-------- Excerpted data --------

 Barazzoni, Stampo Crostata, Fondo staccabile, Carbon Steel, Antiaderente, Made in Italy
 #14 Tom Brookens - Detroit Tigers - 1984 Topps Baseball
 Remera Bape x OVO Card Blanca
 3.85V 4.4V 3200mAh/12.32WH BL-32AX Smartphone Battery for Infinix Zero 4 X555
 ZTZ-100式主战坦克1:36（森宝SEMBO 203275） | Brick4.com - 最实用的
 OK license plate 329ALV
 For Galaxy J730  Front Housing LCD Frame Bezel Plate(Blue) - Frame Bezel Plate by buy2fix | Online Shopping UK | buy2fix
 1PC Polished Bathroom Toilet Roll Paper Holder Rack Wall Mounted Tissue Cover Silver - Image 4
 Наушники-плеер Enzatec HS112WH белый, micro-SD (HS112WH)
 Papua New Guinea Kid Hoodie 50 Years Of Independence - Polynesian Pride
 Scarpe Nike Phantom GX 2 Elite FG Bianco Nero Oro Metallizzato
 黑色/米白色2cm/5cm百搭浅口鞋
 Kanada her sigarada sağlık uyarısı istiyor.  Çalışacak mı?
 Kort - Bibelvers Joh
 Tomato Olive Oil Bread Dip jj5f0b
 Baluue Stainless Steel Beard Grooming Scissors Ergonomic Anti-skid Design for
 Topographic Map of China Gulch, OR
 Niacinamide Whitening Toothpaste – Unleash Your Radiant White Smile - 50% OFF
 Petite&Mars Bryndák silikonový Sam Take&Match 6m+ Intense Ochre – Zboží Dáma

--------

• Exercise directions
Go through the data and copy each line exactly as it reads.

• Solved exercise
 Barazzoni, Stampo Crostata, Fondo staccabile, Carbon Steel, Antiaderente, Made in Italy
 #14 Tom Brookens - Detroit Tigers - 1984 Topps Baseball
 Remera Bape x OVO Card Blanca
 3.85V 4.4V 3200mAh/12.32WH BL-32AX Smartphone Battery for Infinix Zero 4 X555
 ZTZ-100式主战坦克1:36（森宝SEMBO 203275） | Brick4.com - 最实用的
 OK license plate 329ALV
 For Galaxy J730  Front Housing LCD Frame Bezel Plate(Blue) - Frame Bezel Plate by buy2fix | Online Shopping UK | buy2fix
 1PC Polished Bathroom Toilet Roll Paper Holder Rack Wall Mounted Tissue Cover Silver - Image 4
 Наушники-плеер Enzatec HS112WH белый, micro-SD (HS112WH)
 Papua New Guinea Kid Hoodie 50 Years Of Independence - Polynesian Pride
 Scarpe Nike Phantom GX 2 Elite FG Bianco Nero Oro Metallizzato
 黑色/米白色2cm/5cm百搭浅口鞋
 Kanada her sigarada sağlık uyarısı istiyor.  Çalışacak mı?
 Kort - Bibelvers Joh
 Tomato Olive Oil Bread Dip jj5f0b
 Baluue Stainless Steel Beard Grooming Scissors Ergonomic Anti-skid Design for
 Topographic Map of China Gulch, OR
 Niacinamide Whitening Toothpaste – Unleash Your Radiant White Smile - 50% OFF
 Petite&Mars Bryndák silikonový Sam Take&Match 6m+ Intense Ochre – Zboží Dáma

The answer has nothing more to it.